PHP string functions vs mbstring functions


I have an application that has so far been in English only. Content encoding throughout templates and database has been UTF-8. I am now looking to internationalize/translate the application into languages that have character sets absolutely needing UTF-8.

The application uses various PHP string functions such as strlen(), strpos(), substr(), etc, and my understanding is that I should switch these for multi-byte string functions such as mb_strlen(), mb_strpos(), mb_substr(), etc, in order for multi-byte characters to be handled correctly. I've tried to read around this topic a little but virtually everything I can find goes deep into "encoding theory" and doesn't provide a simple answer to the question: If I'm using UTF-8 throughout, can I switch from using strlen() to mb_strlen() and expect things to work normally in for example both English and Arabic, or is there something else I still need to look out for?

Any insight would be welcome, and apologies if I'm offending someone who has encoding close to their heart with my relative ignorance.


Solution

  • No. Since bytearrays are also strings in PHP, a simple replacement of the 8-bit string functions with their mb_* counterparts will cause nothing but trouble. Functions like strlen() and substr() are probably more frequently used with bytes than actual text strings.

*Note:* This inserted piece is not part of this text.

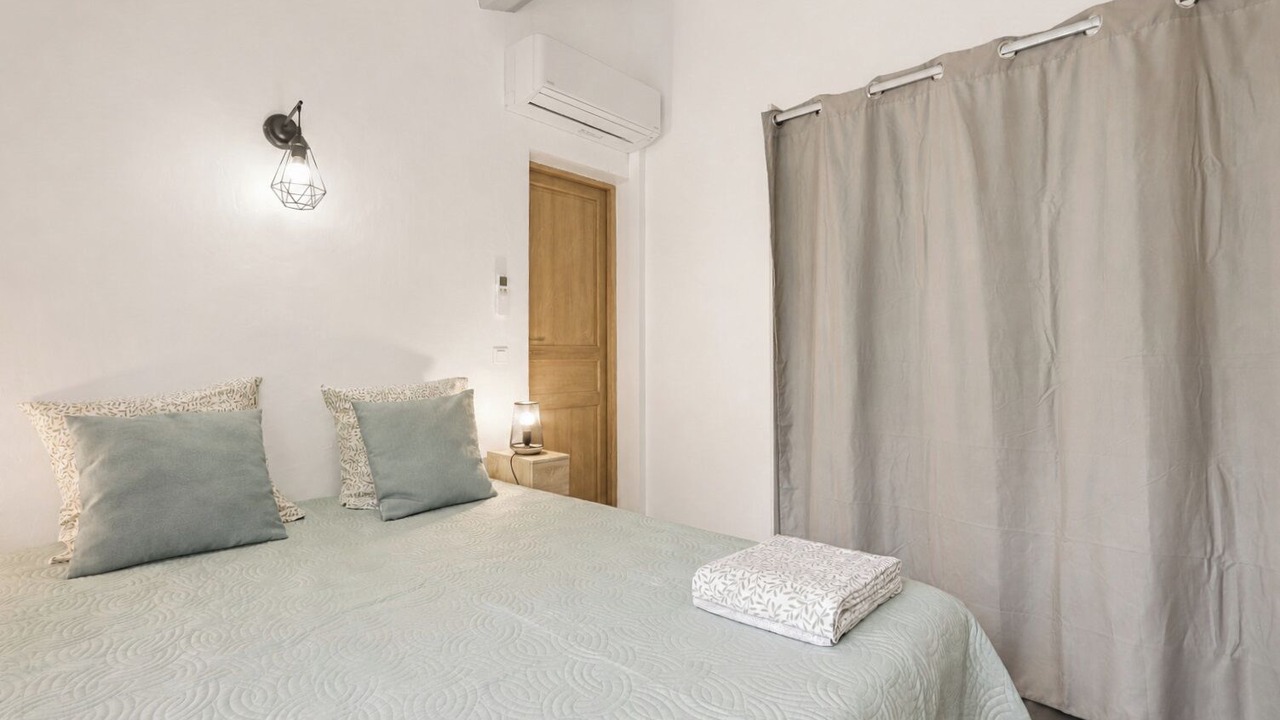 Photo of Bedroom in Preconil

    At the place I last worked, we managed to build a multilingual web-site (Arabic, Hindi, among other languages) in PHP without using the mbstring library at all. Text string manipulation actually doesn't happen that often. When it does, it would require far more care than just changing a function name. Most of the challenges, I've found, lie on the HTML side. Getting a page layout to work with a RTL language is the non-trivial part.

    I don't know if you're just using Arabic as an example. The difficulty of internationalization can vary quite substantially depending on whether "international" means European languages only (plus Russian), or if it's inclusive of Middle-Eastern, South-Asian, and Far-East languages.